=== Stored data ===
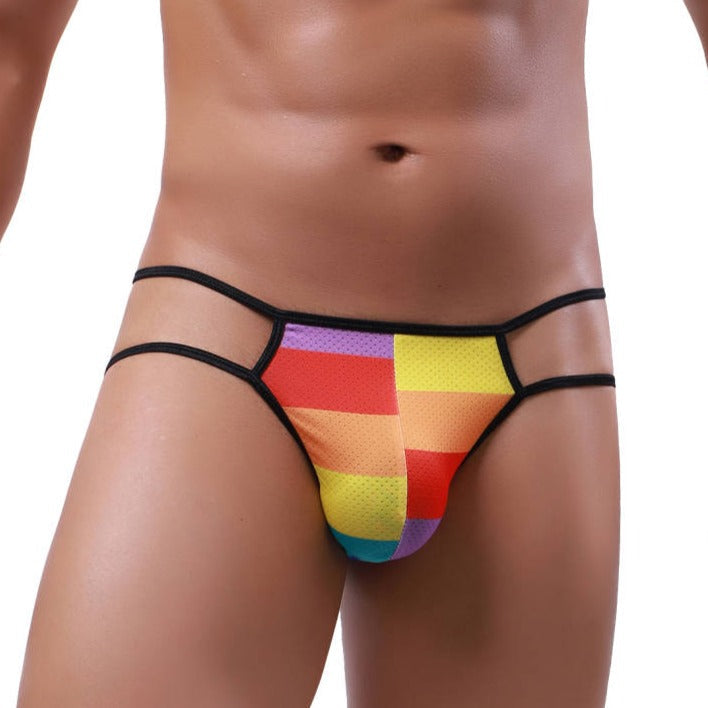 Variety Graphic String Thong - 12 Designs | dmunderwear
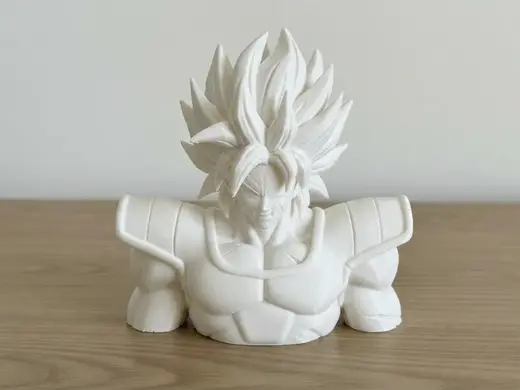 Broly Bust | Dragon Ball Anime Figure
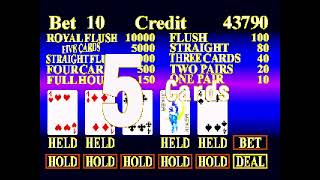 Family Card Games Fun pack - all Poker hands screenshot 5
===
Copy exactly, please, every line from the one holding "Broly Bust | Dragon Ball Anime Figure" through the last line of the data, both ends included, and no pictures.

 Broly Bust | Dragon Ball Anime Figure
 Family Card Games Fun pack - all Poker hands screenshot 5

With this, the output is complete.